You have subscribed to a wiki page or wiki category on "Nutch Wiki" for change notification.

The following page has been changed by MattKangas:
http://wiki.apache.org/nutch/DissectingTheNutchCrawler

New page:
==   Dissecting the Nutch 0.5 Crawler  ==
(10/2004 kangas)

====   Revisions  ====
||  1.1  ||  20 Apr 2005  ||  moved to wiki.apache.org  ||
||  1.0  ||  15 Nov 2004  ||  first published on nutch twiki  ||

====   Table of Contents  ====


   *  [DissectingTheNutchCrawler#Introduction]
   *  [DissectingTheNutchCrawler#The_nutch_shell_script]
   *  [DissectingTheNutchCrawler#Command_crawl_net_nutch_tools_Cr]
   *  [DissectingTheNutchCrawler#Command_admin_create_net_nutch_t]
   *  [DissectingTheNutchCrawler#Command_inject_net_nutch_db_WebD]
   *  [DissectingTheNutchCrawler#Command_generate_net_nutch_tools]
   *  [DissectingTheNutchCrawler#Command_fetch_net_nutch_fetcher_]
   *  [DissectingTheNutchCrawler#Factory_classes_Overview]
   *  [DissectingTheNutchCrawler#Aside_net_nutch_util_NutchConfig]
   *  [DissectingTheNutchCrawler#Factory_classes_URLFilterFactory]
   *  [DissectingTheNutchCrawler#Factory_classes_ParserFactory_Pr]
   *  [DissectingTheNutchCrawler#Summary_Nutch_crawler_extension_]



==  Introduction  ==

The open-source Nutch search engine consists, very roughly, of three
components:

   *  the crawler, which discovers and retrieves web pages
   *  theWebDB, a custom database that stores knownURLs and fetched page contents
   *  the indexer, which dissects pages and builds keyword-based indexes from them


This document attempts to describe the operation of the crawler. We
begin with theory and drill down to into the details needed to create
a customized crawler.

Nutch is implemented in Java, so basic knowledge of the language is
assumed.


==  The "nutch" shell script  ==

 [http://www.nutch.org/docs/en/tutorial.html] 
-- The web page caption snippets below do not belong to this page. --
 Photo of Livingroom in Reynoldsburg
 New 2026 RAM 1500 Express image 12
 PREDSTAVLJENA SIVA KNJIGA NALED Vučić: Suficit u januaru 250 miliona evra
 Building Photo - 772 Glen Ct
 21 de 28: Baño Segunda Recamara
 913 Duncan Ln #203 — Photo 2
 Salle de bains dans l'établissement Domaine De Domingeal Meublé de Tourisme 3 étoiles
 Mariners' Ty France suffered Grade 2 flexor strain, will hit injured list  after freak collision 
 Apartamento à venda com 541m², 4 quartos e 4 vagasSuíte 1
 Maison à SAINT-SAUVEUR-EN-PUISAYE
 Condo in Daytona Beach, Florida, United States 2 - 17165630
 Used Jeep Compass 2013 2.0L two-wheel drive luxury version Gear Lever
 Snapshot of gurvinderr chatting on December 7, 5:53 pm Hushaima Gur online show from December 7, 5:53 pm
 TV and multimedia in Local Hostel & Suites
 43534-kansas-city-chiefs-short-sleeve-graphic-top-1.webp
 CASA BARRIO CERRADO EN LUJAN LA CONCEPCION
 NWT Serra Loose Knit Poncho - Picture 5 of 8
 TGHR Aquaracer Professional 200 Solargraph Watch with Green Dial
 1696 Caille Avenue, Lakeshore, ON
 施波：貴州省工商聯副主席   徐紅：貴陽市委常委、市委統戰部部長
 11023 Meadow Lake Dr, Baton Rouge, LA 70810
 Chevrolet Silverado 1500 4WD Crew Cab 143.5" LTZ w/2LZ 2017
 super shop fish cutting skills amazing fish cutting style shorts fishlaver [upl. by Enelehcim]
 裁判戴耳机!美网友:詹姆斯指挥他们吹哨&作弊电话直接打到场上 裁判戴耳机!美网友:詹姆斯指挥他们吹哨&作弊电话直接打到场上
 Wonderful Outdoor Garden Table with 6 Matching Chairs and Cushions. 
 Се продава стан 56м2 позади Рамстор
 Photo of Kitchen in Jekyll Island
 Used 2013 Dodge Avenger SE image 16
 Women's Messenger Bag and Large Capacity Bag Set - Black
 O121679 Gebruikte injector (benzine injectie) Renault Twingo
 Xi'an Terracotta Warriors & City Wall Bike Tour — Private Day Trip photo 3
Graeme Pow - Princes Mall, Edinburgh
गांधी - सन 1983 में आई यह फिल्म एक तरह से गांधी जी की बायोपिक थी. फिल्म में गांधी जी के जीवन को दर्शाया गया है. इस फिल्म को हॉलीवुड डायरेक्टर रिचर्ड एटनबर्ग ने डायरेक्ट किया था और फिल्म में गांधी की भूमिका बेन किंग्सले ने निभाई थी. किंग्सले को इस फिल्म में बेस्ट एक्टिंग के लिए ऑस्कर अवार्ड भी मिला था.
The Nutch tutorial describes a number of operations that can be
performed using the "bin/nutch" shell script. Looking inside this
script, we see that each command corresponds to a specific Java class.

For an intranet crawl, you will edit some config files and then call
"bin/nutch crawl ...". This corresponds to the class net.nutch.tools.CrawlTool.

For a whole-web crawl, you will perform several steps, including:

{{{
$ bin/nutch admin db -create
$ bin/nutch inject db ...
$ bin/nutch generate db segments
$ bin/nutch fetch ...
$ bin/nutch updatedb ...
$ bin/nutch analyze ...
}}}

Each command corresponds to a Java class as follows:

   *  admin:    net.nutch.tools.WebDBAdminTool
   *  inject:   net.nutch.db.WebDBInjector
   *  generate: net.nutch.tools.FetchListTool
   *  fetch:    net.nutch.fetcher.Fetcher
   *  updatedb: net.nutch.tools.UpdateDatabaseTool
   *  analyze:  net.nutch.tools.LinkAnalysisTool


These commands can be specified using either their nickname, or by
their full class name. Thus, the following two commands have the same
effect:

{{{
$ bin/nutch admin db -create
$ bin/nutch net.nutch.tools.WebDBAdminTool db -create
}}}

The ability to invoke arbitrary Java classes will come in handy when
we want to customize the behavior of the basic Nutch operations. Let's
see how we might do that by examining the one-step intranet crawler.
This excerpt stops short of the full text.